Expeditionary Strike Group 3 is an expeditionary strike group (ESG) of the U.S. Navy. Expeditionary strike groups combine the capabilities of surface action groups, submarines, and maritime patrol aircraft with those of Amphibious Ready Groups for deployment and maintaining staff proficiencies to provide fleet commanders with a highly flexible, ready fly-away unit. It is capable of projecting expeditionary striking power in the maritime, littoral, and inland environs in support of U.S. national interests.
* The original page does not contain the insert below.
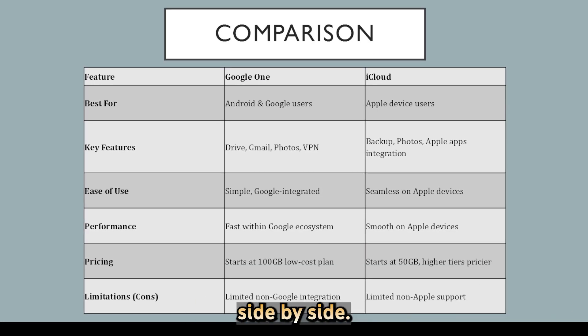Now, let's compare them side-by-side. The main difference is ecosystem integration. Google One works best for Android and cross-platform users, offering affordability and flexibility. iCloud is ideal for Apple users seeking seamless device integration and backup capabilities. Google One leans towards personal storage and productivity, while iCloud focuses on Apple-centric convenience and continuity. If you're deep into Google's apps or need a cross-platform solution, Google One is the better pick. If you own Apple devices and want seamless backups and app integration, iCloud is worth it.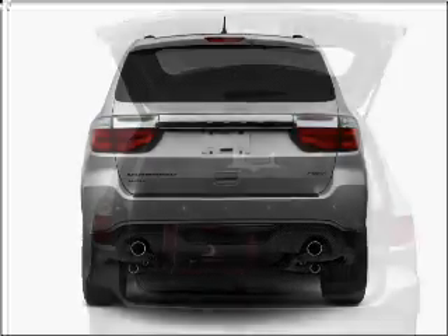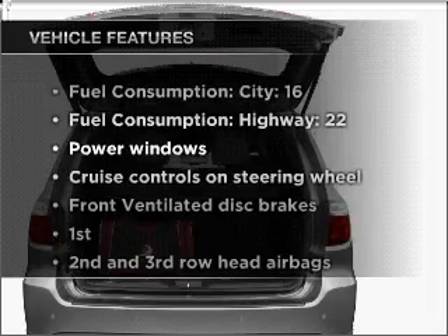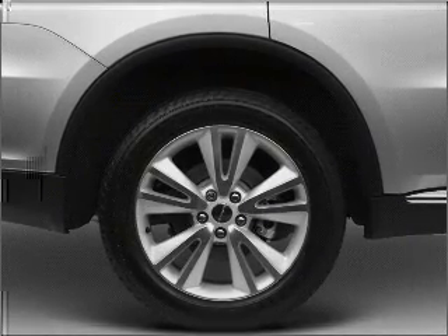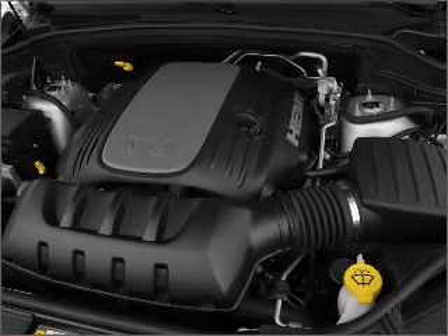This car has separate passenger temperature controls. Also enjoy these notable features included in this vehicle: air conditioning, power door locks, power windows, power steering, cruise control, power mirrors, and AM/FM stereo with a CD player.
The mission of Expeditionary Strike Group 3 is to provide amphibious expertise and a deployable staff for combat and contingency operations in support of the nation's interests and maritime strategy. The staff advocate for the readiness and employment of U.S. amphibious forces across the full spectrum of military operations.

As Amphibious Group 3, the organization participated in Operations Desert Shield, Restore Hope, Continue Hope and United Shield. Upon reorganization and implementation of the newly developed ESG concept in 2003, it participated in Operation Iraqi Freedom.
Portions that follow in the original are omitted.